In the survey, conducted by Jacksonville-based Mason-Dixon Polling & Strategy, 35 percent gave Scott a rating of “excellent,” 31 percent “good,” 25 percent “fair,” and 4 percent “poor.” Five percent weren’t sure.
Republicans thought most highly of Scott’s hurricane job performance: 89 percent of Republicans rated it “excellent” or “good,” compared to 62 percent of independents and 49 percent of Democrats.
Irma, a massive Category 4 storm when it made landfall in the Florida Keys on Sept. 10, threatened to roll up the spine of the state, forcing widespread local evacuation orders. Nearly 32 percent of Floridians left their homes, Mason-Dixon found, but 43 percent of people under evacuation orders stayed put. Thirteen percent of people evacuated without having to do so.
“Next time round could be a different story, as many Floridians indicate that they will rethink their actions,” pollster Brad Coker wrote in a memo summarizing the results.
Fifty-seven percent of respondents said they would follow another evacuation order. Of 19 percent who did for Irma, 71 percent said they would do so again.

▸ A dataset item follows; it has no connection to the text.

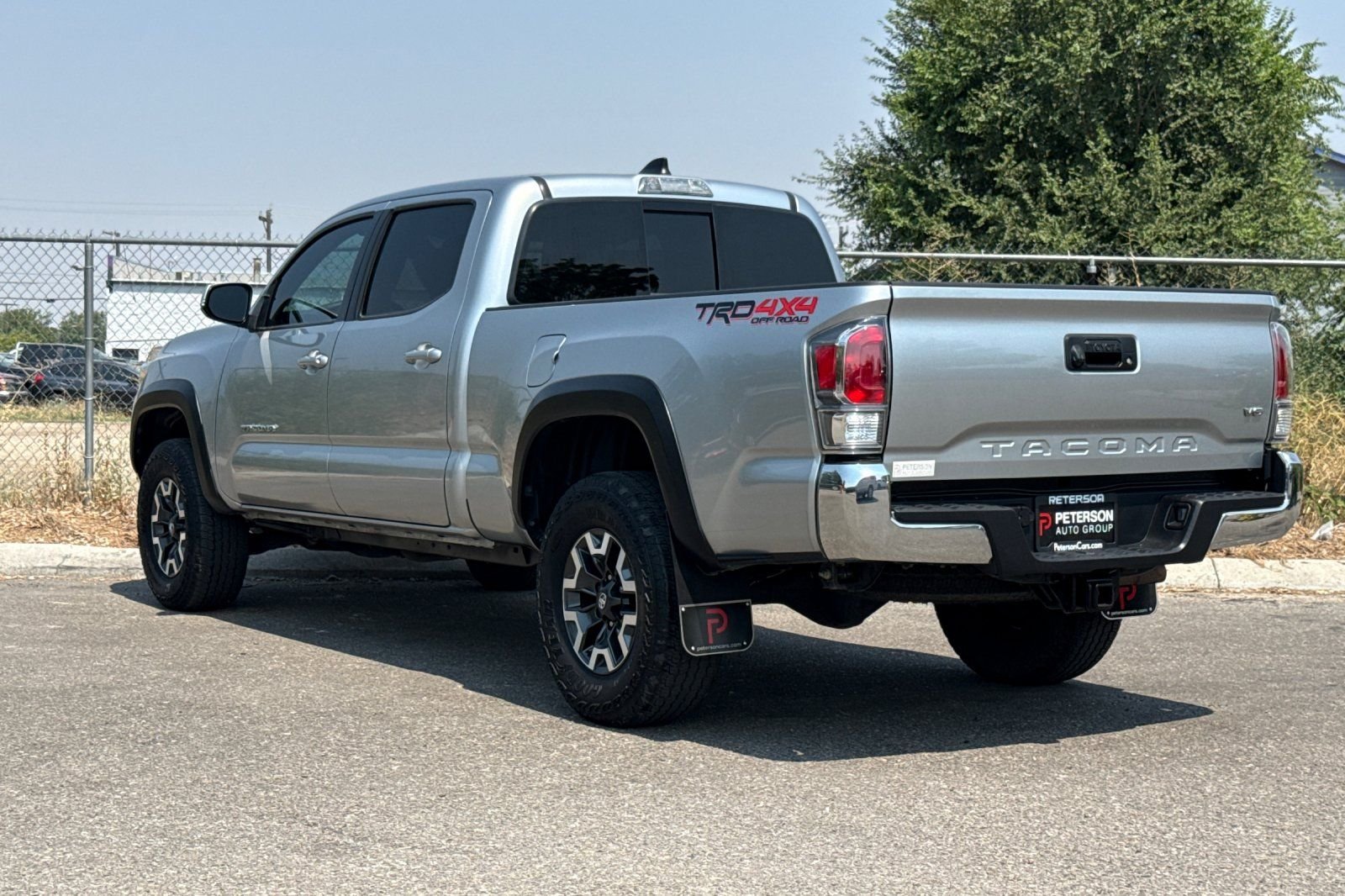 Used 2023 Silver Toyota TRD Off-Road image 6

But of the 14 percent of respondents ordered to leave who stayed home, only 19 percent said they would evacuate in the future — suggesting they felt justified in ignoring the orders after Irma spared most of the state from her worst fury.
Still, of the 54 percent of Floridians who didn’t get an evacuation order and stayed home, 62 percent said they would leave if ordered to do so. And of the 13 percent of people who evacuated without being ordered to do so, 57 percent said they would leave again, under a government order or not.
Mason-Dixon surveyed 625 registered Florida voters by phone between Oct. 17-19. The poll has an error margin of plus or minus 4 percentage points.